Segment Open
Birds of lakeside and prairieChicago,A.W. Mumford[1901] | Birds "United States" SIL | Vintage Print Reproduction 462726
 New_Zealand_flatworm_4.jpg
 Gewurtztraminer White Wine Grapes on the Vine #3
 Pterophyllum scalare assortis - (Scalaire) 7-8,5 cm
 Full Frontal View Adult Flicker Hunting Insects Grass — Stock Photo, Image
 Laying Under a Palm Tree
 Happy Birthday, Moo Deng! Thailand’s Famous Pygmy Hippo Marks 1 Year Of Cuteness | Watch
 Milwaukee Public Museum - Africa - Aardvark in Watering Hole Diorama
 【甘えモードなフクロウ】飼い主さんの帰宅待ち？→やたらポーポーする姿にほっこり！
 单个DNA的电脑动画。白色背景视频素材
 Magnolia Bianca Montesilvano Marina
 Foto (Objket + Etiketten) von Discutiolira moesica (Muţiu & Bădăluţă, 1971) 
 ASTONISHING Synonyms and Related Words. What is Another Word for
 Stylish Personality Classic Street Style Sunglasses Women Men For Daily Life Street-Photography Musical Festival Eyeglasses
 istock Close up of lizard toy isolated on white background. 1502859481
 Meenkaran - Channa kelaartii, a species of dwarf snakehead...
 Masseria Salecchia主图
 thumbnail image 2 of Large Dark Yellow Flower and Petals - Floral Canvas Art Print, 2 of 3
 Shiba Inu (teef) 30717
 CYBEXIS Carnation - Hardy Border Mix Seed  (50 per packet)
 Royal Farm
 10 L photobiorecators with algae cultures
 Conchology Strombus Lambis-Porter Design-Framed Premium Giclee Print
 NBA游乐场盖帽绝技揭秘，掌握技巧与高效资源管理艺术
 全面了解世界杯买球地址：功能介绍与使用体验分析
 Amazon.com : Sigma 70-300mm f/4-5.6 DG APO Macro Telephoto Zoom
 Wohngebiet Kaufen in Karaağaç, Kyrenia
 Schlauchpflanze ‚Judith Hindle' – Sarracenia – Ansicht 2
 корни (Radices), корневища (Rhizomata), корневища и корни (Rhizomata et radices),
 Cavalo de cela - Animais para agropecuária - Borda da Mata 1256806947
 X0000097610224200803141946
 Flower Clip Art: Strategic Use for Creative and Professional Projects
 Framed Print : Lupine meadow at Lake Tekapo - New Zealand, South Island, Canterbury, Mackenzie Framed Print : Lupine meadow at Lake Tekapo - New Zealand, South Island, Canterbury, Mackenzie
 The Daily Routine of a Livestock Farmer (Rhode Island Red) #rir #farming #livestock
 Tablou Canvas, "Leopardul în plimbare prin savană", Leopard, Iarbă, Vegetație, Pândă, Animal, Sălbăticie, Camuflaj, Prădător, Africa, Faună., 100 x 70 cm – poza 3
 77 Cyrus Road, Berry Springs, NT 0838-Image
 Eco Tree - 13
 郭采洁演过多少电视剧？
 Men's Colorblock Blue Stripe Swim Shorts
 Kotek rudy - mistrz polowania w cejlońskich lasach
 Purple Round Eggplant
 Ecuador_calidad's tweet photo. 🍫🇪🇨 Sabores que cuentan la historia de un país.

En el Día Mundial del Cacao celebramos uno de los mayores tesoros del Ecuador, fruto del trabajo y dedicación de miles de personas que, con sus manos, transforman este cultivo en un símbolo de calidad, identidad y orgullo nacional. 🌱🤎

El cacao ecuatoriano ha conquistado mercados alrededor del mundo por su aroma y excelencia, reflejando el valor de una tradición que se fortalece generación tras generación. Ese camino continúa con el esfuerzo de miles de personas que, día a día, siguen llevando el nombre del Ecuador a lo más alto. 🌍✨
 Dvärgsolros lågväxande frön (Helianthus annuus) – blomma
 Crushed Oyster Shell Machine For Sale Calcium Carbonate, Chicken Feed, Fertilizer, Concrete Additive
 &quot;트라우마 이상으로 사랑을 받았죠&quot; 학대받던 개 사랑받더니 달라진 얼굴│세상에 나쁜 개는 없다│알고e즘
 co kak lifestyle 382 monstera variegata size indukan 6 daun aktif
Segment Closed
Could you please retype the lines from the start of the data through the line with "Pterophyllum scalare assortis", both included, and nothing else?

Birds of lakeside and prairieChicago,A.W. Mumford[1901] | Birds "United States" SIL | Vintage Print Reproduction 462726
 New_Zealand_flatworm_4.jpg
 Gewurtztraminer White Wine Grapes on the Vine #3
 Pterophyllum scalare assortis - (Scalaire) 7-8,5 cm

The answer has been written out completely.